Историческая драма русского европеизма | страница 18
От поколения к поколению просвещенность и интеллектуальная развитость русских европейцев неизменно возрастает. Наряду с этим процессом дает о себе знать и другой — усвоение основ западноевропейской жизни выходцами из плебейских сфер. Свидетельство тому — судьба Григория Карповича Котошихина (ок. 1630–1667), автора известной книги “О России в царствование Алексея Михайловича”. Знаменательное обстоятельство: именно это сочинение послужило Белинскому непосредственным поводом для написания цикла статей, известных под общим заглавием “Россия до Петра Великого” (1841) и, по сути дела, представлявших собою первый манифест западничества.

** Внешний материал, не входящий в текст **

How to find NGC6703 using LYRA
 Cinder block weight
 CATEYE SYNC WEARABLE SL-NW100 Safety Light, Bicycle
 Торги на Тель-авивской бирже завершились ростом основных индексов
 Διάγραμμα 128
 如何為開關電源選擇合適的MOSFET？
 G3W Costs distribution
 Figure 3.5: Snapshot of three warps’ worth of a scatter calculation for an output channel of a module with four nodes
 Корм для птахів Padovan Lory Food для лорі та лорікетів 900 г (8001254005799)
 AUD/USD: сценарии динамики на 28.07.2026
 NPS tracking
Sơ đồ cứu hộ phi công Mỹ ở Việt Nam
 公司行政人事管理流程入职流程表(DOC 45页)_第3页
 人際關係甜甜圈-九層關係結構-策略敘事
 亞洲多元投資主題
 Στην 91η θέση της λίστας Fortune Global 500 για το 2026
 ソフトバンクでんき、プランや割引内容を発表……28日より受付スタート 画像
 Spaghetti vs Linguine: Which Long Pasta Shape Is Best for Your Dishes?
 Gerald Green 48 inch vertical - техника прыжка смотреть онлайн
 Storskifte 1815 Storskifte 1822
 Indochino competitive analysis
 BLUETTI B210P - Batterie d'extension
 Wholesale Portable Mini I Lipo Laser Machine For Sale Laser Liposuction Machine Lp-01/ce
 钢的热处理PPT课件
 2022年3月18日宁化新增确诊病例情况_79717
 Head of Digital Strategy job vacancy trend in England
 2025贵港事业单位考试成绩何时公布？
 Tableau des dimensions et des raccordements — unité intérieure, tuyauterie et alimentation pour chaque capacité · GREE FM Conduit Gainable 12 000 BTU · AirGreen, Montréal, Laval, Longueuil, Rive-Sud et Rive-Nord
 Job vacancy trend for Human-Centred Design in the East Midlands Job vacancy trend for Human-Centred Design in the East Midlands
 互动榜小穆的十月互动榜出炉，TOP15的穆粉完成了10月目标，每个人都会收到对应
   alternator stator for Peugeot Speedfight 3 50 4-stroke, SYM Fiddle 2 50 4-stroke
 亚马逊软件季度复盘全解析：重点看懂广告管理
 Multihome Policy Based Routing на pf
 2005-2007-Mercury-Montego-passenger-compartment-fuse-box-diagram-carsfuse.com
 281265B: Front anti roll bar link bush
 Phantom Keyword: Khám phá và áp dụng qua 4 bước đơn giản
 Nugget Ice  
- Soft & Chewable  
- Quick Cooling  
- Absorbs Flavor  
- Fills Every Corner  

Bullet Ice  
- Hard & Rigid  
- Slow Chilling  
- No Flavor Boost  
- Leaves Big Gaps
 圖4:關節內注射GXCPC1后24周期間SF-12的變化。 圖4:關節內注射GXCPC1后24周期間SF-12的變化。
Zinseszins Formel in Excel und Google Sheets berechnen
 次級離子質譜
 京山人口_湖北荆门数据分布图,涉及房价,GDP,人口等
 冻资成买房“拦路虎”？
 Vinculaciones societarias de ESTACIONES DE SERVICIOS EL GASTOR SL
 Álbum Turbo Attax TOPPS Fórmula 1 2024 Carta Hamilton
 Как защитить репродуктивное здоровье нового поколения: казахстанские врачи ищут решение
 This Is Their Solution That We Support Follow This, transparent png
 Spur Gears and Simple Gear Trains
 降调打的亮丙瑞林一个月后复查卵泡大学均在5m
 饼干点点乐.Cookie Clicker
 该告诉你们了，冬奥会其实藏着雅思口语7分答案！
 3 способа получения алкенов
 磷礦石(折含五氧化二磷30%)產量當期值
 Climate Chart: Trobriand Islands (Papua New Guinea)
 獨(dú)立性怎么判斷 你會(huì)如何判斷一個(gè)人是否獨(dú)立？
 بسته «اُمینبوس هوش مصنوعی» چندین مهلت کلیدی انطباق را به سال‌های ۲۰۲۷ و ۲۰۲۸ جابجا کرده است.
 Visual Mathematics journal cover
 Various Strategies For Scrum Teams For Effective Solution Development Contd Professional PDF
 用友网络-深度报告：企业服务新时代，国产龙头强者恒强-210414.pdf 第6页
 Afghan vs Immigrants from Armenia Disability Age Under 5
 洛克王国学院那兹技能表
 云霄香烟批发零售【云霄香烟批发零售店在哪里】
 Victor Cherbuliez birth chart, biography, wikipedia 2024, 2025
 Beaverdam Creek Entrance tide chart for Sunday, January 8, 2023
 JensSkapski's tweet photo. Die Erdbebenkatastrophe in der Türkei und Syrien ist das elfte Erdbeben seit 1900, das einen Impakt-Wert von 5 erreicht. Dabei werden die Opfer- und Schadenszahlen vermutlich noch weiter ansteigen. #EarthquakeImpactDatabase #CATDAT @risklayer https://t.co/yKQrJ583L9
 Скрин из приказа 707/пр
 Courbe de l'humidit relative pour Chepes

Безвестный писец, затем подьячий в Посольском приказе, Котошихин во время мирных переговоров со шведами в 1657 году был прикомандирован к русскому посольству в Дерпте под начало вышеупомянутого А.Л.Ордина-Нащокина. Познав шведские нравы во время поездки в Ревель в 1660 году, Котошихин начинает смотреть на московские порядки критически. Между тем в Москве его отец по доносу соседей был несправедливо обвинен в краже, за что у него самого (не у отца, а у сына!) отобрали дом и выгнали на улицу жену, что было немыслимо в тогдашней Европе и оказывалось вполне в порядке вещей в России. Чувство собственного достоинства у Котошихина было сильно уязвлено, а духовной силы для того, чтобы усмирить бунт оскорбленной личности, еще не было, как и не могло быть на данном этапе индивидуализации. Поэтому он становится шведским шпионом, а затем бежит в Польшу, но после безуспешных попыток служить тамошнему королю в войне против России поселяется в Стокгольме, где, подобно Воину Нащокину, не находит себе места и погибает глупейшим образом — во время пьяной драки66. Любопытно, однако, что у Котошихина бунт против московского “плюгавства” с позиции оторвавшегося от почвы энтузиаста Запада выражается в самой естественной для русского человека форме общественного и личного протеста — в форме литературного высказывания. Между строк его на первый взгляд протокольного отчета о разных сторонах жизни Московского царства пробивается горькая саркастическая усмешка человека, вкусившего от плода познания и отвергнутого своими “безгрешными”, “благонравными” соотечественниками.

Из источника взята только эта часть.